:: INSTRUCTIONS FOR THE TASK ::
Transcribe the stretch of entries below from the line with "11028 Edgemere Road" through the line with "A bedroom featuring", exactly and with both ends included; leave out all other lines.
##### RECORDS FOR THIS EXERCISE #####
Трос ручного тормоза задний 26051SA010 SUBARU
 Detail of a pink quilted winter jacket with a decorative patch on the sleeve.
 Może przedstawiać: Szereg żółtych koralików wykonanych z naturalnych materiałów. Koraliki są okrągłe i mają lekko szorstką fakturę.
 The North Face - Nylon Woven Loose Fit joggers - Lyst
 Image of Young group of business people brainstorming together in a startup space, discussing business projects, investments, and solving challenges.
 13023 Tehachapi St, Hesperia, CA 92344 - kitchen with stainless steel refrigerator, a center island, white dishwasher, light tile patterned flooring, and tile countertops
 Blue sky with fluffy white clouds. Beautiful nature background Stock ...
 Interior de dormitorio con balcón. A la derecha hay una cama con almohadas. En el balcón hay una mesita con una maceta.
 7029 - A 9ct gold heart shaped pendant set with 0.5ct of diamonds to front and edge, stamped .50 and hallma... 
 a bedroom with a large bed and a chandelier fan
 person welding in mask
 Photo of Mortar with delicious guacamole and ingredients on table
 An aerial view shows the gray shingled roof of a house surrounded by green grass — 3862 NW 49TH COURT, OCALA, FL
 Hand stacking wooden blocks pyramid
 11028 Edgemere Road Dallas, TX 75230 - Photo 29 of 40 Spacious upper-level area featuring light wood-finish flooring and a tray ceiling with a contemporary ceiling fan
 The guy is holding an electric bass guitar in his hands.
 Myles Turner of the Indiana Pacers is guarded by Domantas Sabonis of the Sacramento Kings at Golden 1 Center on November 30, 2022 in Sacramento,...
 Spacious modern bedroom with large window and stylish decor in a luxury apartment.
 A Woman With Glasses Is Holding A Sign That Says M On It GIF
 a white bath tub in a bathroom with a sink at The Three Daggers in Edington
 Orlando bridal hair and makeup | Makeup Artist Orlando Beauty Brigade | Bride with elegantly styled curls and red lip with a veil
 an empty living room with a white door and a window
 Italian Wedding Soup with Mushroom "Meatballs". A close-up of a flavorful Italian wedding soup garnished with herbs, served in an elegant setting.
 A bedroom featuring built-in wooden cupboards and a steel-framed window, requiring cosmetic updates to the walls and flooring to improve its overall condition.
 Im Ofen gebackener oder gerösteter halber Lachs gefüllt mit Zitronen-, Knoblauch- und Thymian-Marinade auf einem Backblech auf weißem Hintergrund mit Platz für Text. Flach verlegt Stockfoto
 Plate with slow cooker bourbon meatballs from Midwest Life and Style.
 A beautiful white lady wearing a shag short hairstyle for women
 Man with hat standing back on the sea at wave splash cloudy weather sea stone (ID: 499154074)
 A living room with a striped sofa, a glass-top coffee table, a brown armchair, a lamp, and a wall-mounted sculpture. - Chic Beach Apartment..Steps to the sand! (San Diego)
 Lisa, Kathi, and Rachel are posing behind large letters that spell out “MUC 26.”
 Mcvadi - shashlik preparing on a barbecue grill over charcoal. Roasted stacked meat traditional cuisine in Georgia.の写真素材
#####
:: ANSWER ::
 11028 Edgemere Road Dallas, TX 75230 - Photo 29 of 40 Spacious upper-level area featuring light wood-finish flooring and a tray ceiling with a contemporary ceiling fan
 The guy is holding an electric bass guitar in his hands.
 Myles Turner of the Indiana Pacers is guarded by Domantas Sabonis of the Sacramento Kings at Golden 1 Center on November 30, 2022 in Sacramento,...
 Spacious modern bedroom with large window and stylish decor in a luxury apartment.
 A Woman With Glasses Is Holding A Sign That Says M On It GIF
 a white bath tub in a bathroom with a sink at The Three Daggers in Edington
 Orlando bridal hair and makeup | Makeup Artist Orlando Beauty Brigade | Bride with elegantly styled curls and red lip with a veil
 an empty living room with a white door and a window
 Italian Wedding Soup with Mushroom "Meatballs". A close-up of a flavorful Italian wedding soup garnished with herbs, served in an elegant setting.
 A bedroom featuring built-in wooden cupboards and a steel-framed window, requiring cosmetic updates to the walls and flooring to improve its overall condition.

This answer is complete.